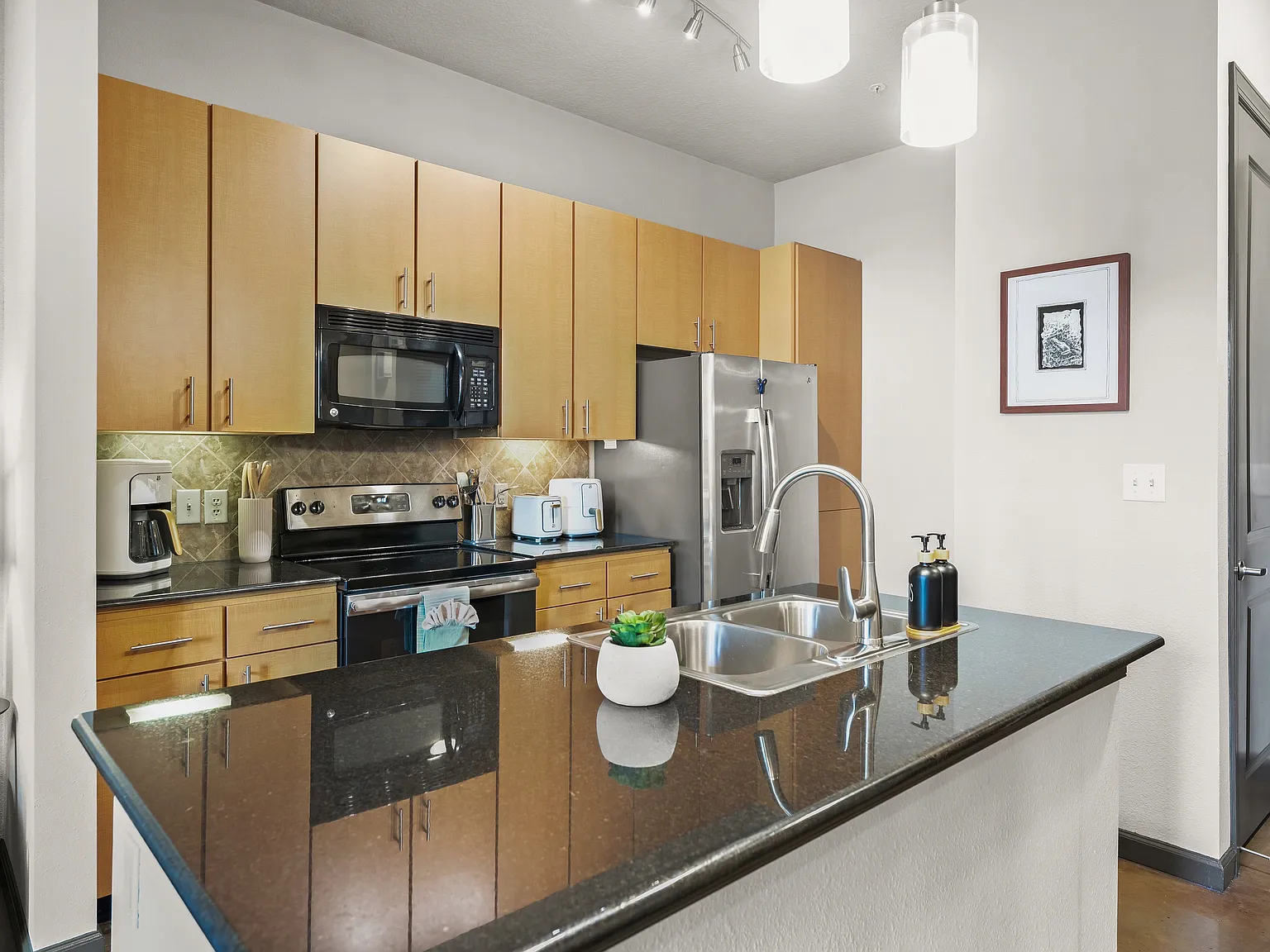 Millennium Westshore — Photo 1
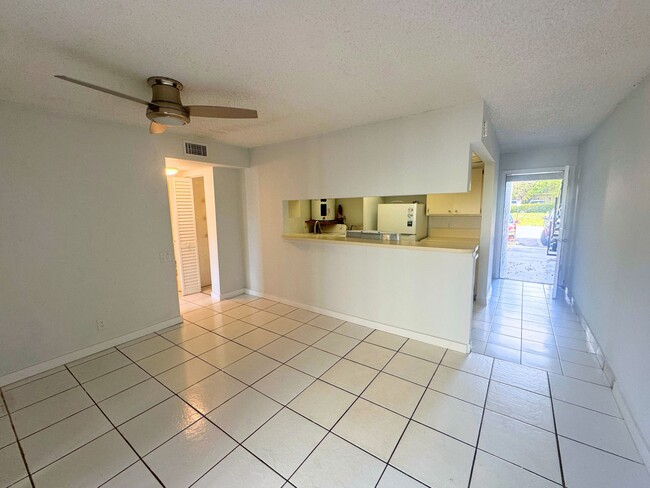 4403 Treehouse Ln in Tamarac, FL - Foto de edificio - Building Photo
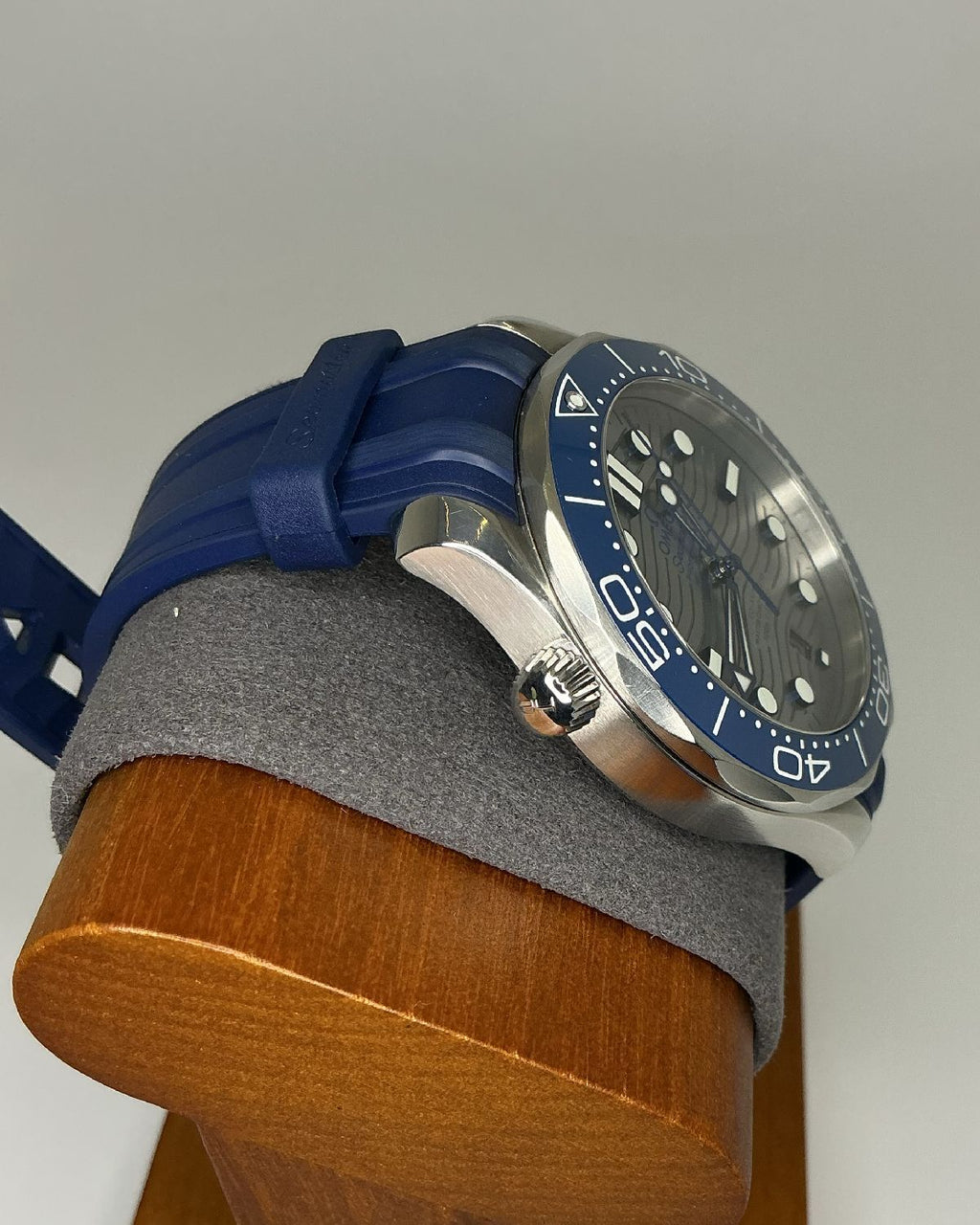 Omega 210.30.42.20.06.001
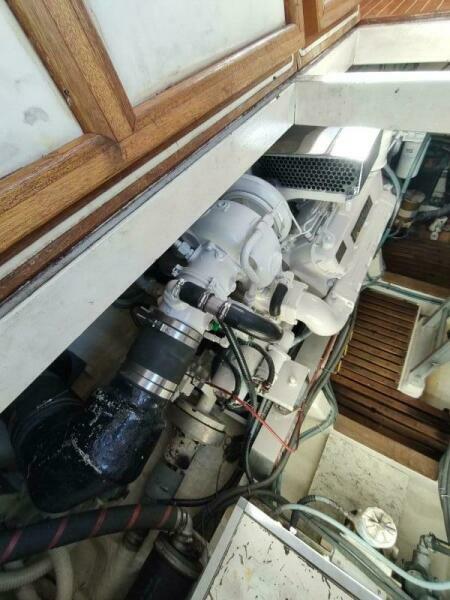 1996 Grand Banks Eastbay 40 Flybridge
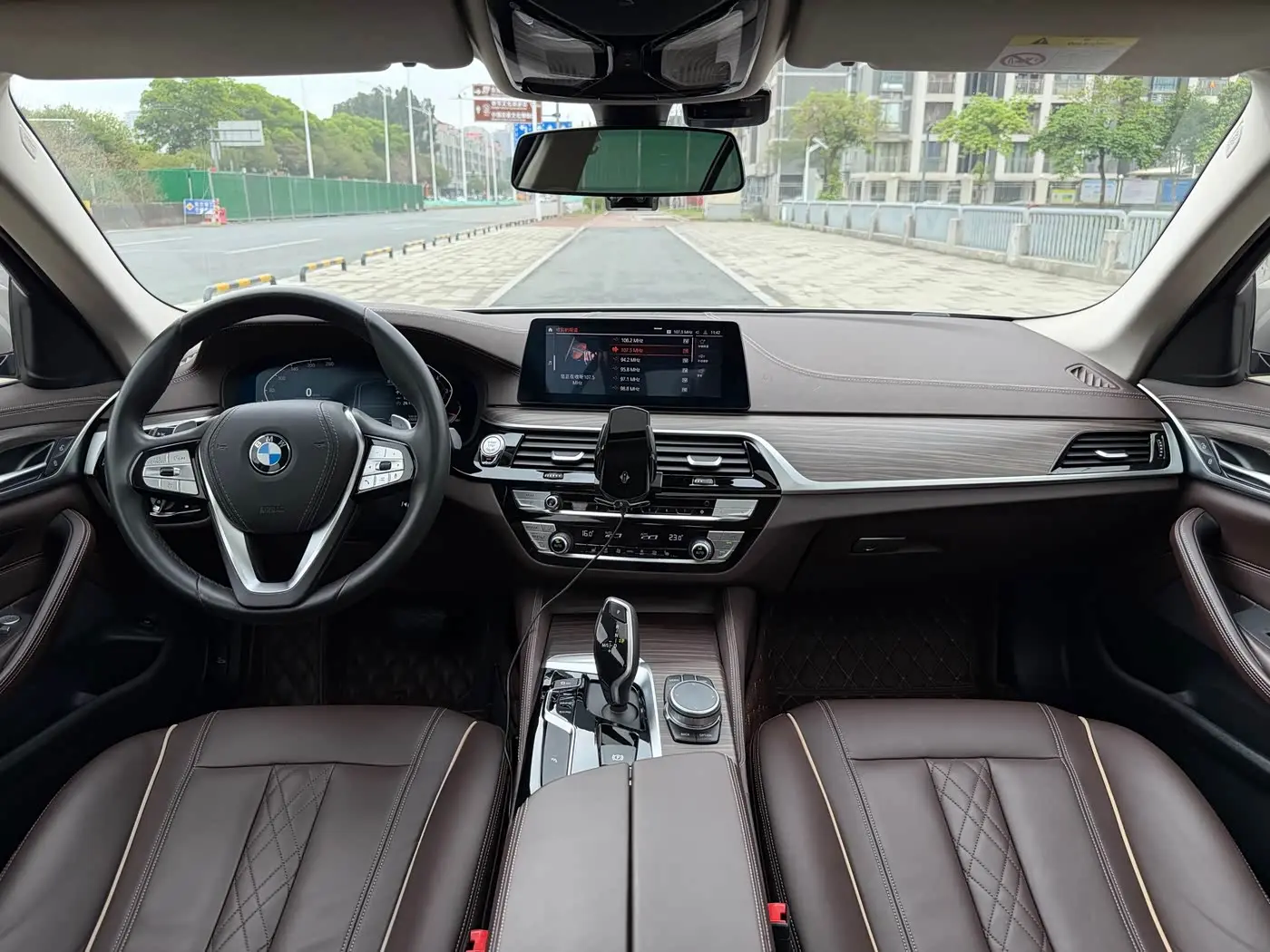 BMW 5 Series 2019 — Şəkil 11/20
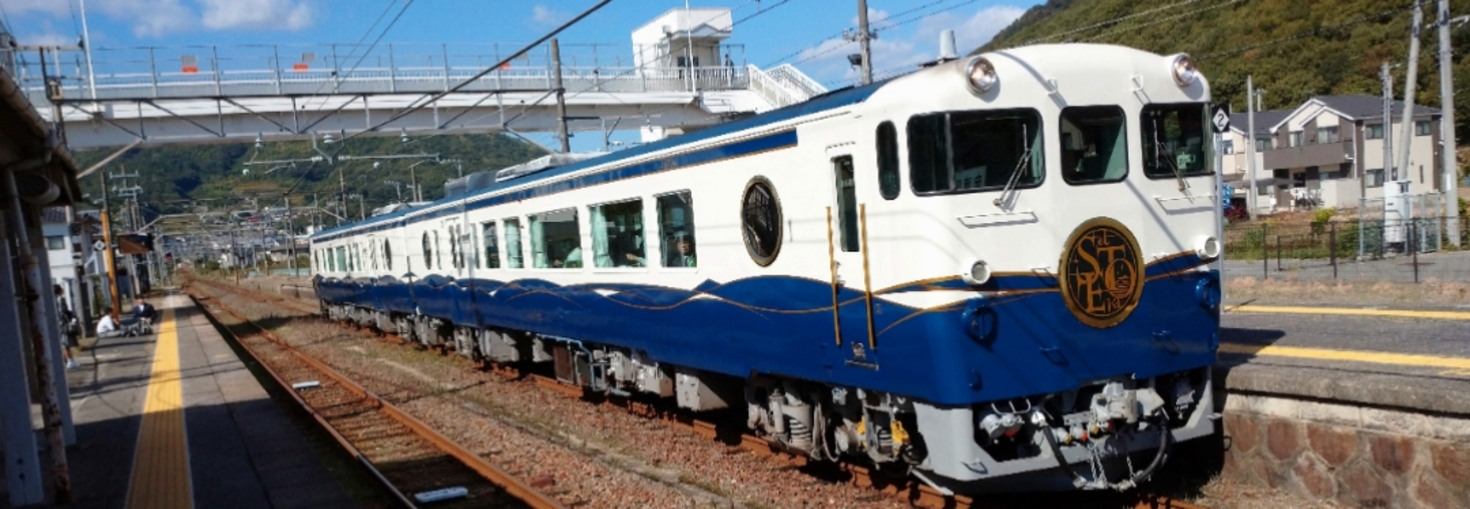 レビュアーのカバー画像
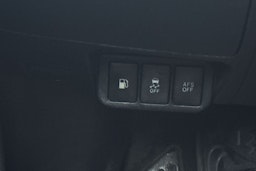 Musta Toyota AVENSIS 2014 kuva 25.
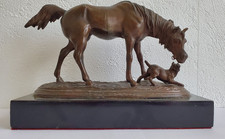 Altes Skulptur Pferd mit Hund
◇ ◇ ◇
= Work instructions =
From the line containing "Musta Toyota AVENSIS 2014 kuva 25." down to the last line of the entries above, retype each line exactly as it stands, but skip the pictures.

= Result =
 Musta Toyota AVENSIS 2014 kuva 25.
 Altes Skulptur Pferd mit Hund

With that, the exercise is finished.